The battered mother … may easily be engaged and seen as the parent who is more willing and interested in complying with services to prevent removal of her children or to get them returned from foster care. This creates a situation in which a child welfare case is opened due to the father’s beating of the mother in the presence of the children, and she is sent for domestic violence education, parenting classes, individual counseling, and drug testing, among other possible referrals. In addition, she may be told she must go into shelter – while, meanwhile, the father is sent to either an anger management class or, perhaps parenting [classes] and nothing further. This unequal treatment sends a message that the mother is more responsible for getting help and is more “sick” for being in an abusive relationship than the actual person who committed the violence. As part of their mental abuse, many fathers will tell a woman that if she seeks help to escape the home, the system will turn against her, that she will be blamed for the break up of the family, that she will lose everything and that the abuser will get away with everything because he is in control – the system often perpetuates this belief and reinforces to women that they are powerless and will be punished, no matter what they do. Id

 

Responsibility for governmental protection of children rests primarily on the state or municipality. See, e.g. Lois A. Weithorn, Protecting Children from Exposure to Domestic Violence: The Use and Abuse of Child Maltreatment Statutes, 53 Hast. L. J. 1, 19-26 (2001).

 

In a heterogeneous, non-theocratic and democratic society such as ours, there is enormous diversity in domestic relationships and in the degree that they are founded on mutual respect and love (the norm) or malevolence. Particularly if there is a sexual relationship between the adults, the emotional interaction may be intense, sometimes flaring into psychological or even physical abuse. The abuse may be endemic. It may be directed against the children as well as the mother. The children may be indirectly affected, as when they observe an abusive incident. Even when the abuse is not physical, it may be so fierce as to be the equivalent of a beating. The mother may lack the ability or resources to either protect herself or the children. Economic, emotional, moral or other ties may, as a practical matter, prevent the mother from separating from the abuser or seeking governmental protection against him. She may hope for eventual reconciliation – and sometimes it does occur. 

 

Myriad subtle reasons may prevent her from separating from the abuser, protecting the children, or seeking assistance. In some households ethnic or social mores are relied upon to justify abuse as a “traditional right.” Ability to deal with tensions induced by self, a partner, children, economic and social factors varies enormously among those who become embroiled in domestic violence. In short, this case presents the most intricate and recondite relationships, the stuff of thousands of novels, poems, newspaper accounts, and legal proceedings.

 

Whatever the explanation, physical abuse of mothers and children, or the imminent threat of such ill treatment is not tolerated in our American society. Whether the mother, the family, or the immediate social group accepts cruelty as the norm or as permitted, it is a minimum assumption of our twenty-first century United States that it will not be tolerated.  The Government has the obligation to stop it and prevent its recurrence whenever it can.

 

Second, battered women often suffer from behavioral and psychological problems that differentiate them quite sharply from non-battered women.
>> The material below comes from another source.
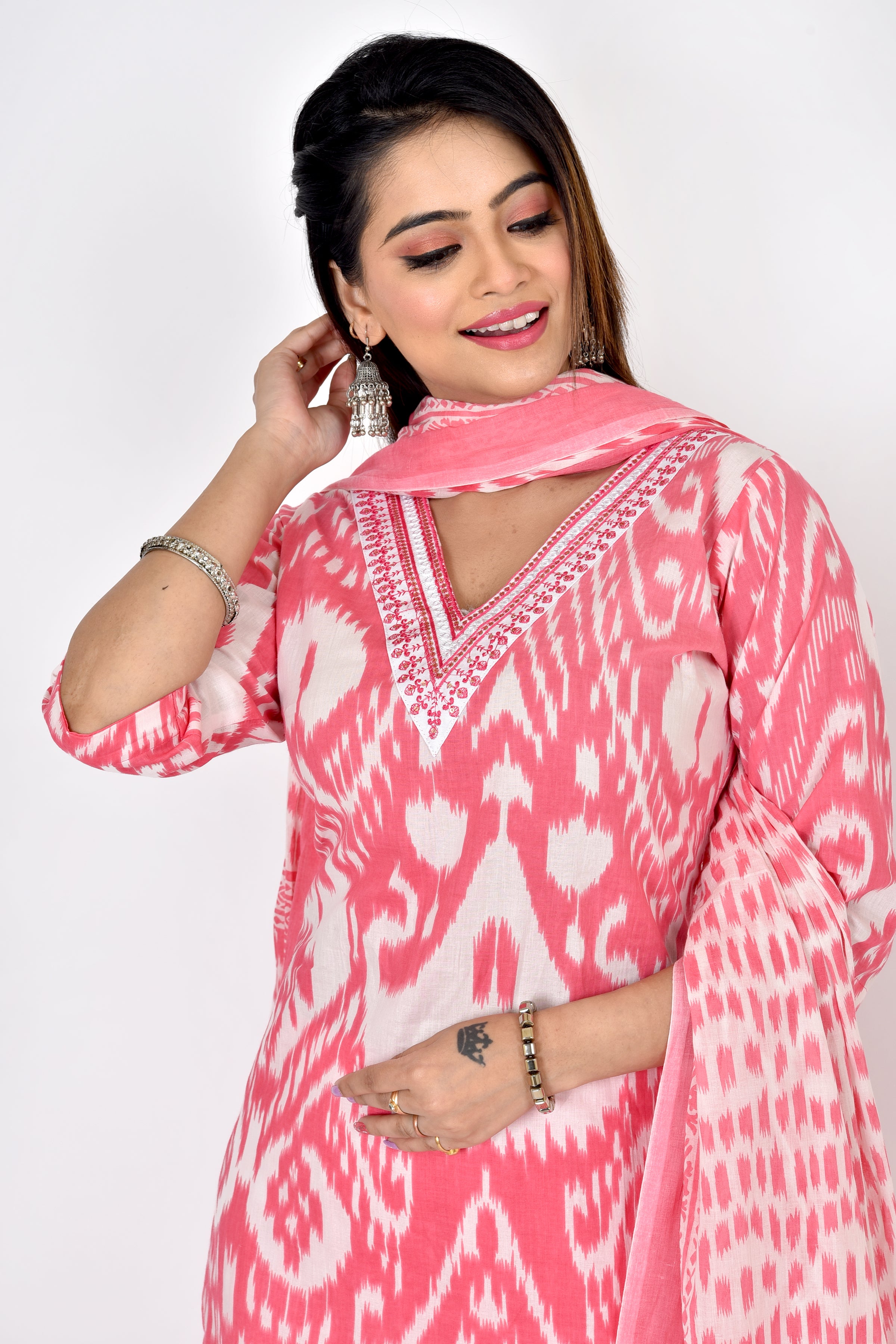 Pink Embroidered Kurta With Pant & Dupatta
Third, the behavior of social workers and health service providers was a direct, albeit inadvertent, contributor to women’s sense of being trapped in abusive relationships. Tr.1540.  The most dangerous time for a woman and a child appears to be immediately after she leaves the batterer; his threats will usually make her aware of this. Ex. 106 at 16.  The battered woman cannot change or stop the perpetrator’s violence by herself. If she does not have adequate support, resources, and protection, leaving him may simply make it worse for the children.” Id. At 19.

 

The National Council of Juvenile & Family Court Judges Family Violence Department as set out in a comprehensive 1999 report entitled Effective Intervention in Domestic Violence & Child Maltreatment Cases: Guidelines for Policy and Practice. Ex. 165 (“National Council Guidelines”). Suggests that child welfare services sometimes blame victimized mothers for “failure to protect” children because of the “system’s inability to hold the actual perpetrator of violence accountable.” Id. At 66. They recognize that battered mothers, like nonbattered mothers, may themselves abuse or neglect their children and should be held accountable if they do so. The Guidelines, however, recommend that “Child protection services should avoid strategies that blame a non-abusive parent for the violence committed by others.” Id. (Recommendation 22). They explain that “[b]laming a battered mother for being abused, for not leaving the domestic violence perpetrator, or for not stopping his violence is simply counterproductive.  The battered woman cannot change or stop the perpetrator’s violence by herself. If she does not have adequate support, resources, and protection, leaving him may simply make it worse for the children.” Id. At 19.

\

Batterers Should Be Held Accountable

The National Council Guidelines reflect the growing consensus that child welfare services play an important role in holding abusers accountable for their actions. The First Principle of the National Council Guidelines, which it describes as an “overriding one,” includes the tenet that violent perpetrators must be held responsible for their abusive behavior. Ex. 165 (Principle 1). Child welfare agencies should “record domestic violence information, including any specific harm to the child, on agency forms (e.g., case findings and affidavits) in a way that clearly holds the perpetrator of domestic

violence responsible for harm and identifies the resulting safety concerns and continued risk that the perpetrator creates for family members.” Id. At 61. It is also important that child welfare services engage batterers directly, develop service plans for them, and monitor their compliance. Id. At 64-65.

 

Dr. Stark testified that best practices establish that the batterer should be held accountable for his actions, and that the victim is in a particularly bad position to perform this task. Thus, every State now requires that police arrest batterers, rather than making the victim responsible for deciding whether the arrest should occur. Tr. 1600. See also Ex. 106 at 25-26; New York Commission on Domestic Violence Fatalities, Report to the Governor at 40 (1997) (Charging victims of domestic violence with neglect “implicitly places responsibility for stopping the violence on the victim, rather than on the violent partner who is committing the acts.”).

 

 

 

 

SECTION V:  History of Fatherhood Access/Visitation/Marriage Promotion HHS Programs

 

  1. Access/Visitation was designed by and for Fathers, in order to use custody to reduce support obligations and continue their abuse by proxy of family court.

 

Proof:  Back issues of the Childrens Rights Council, David Levy, newsletter, “Speak Out For Children, 1989-1992,” Children’s Rights Council, Inc. (CRC) nee National Council for Children’s Rights. Inc.  This document consists of three years (12 issues) of a quarterly newsletter that addresses the health development of children of divorced and separated parents.  The National Council for Children’s Rights (NCCR) (now the CRC) advocates reducing divorce by strengthening families through divorce and custody reform; minimizing hostilities between parents who are involved in marital disputes; substituting conciliation and mediation for the adversarial approach; assuring a child’s access to both parents; and providing equitable child support.  Each issue typically contains news articles about the activities of the CRC, bills and resolutions in process in the Congress, etc  [263-page retrieved 8/2007, pdf file available by email attachment upon request.]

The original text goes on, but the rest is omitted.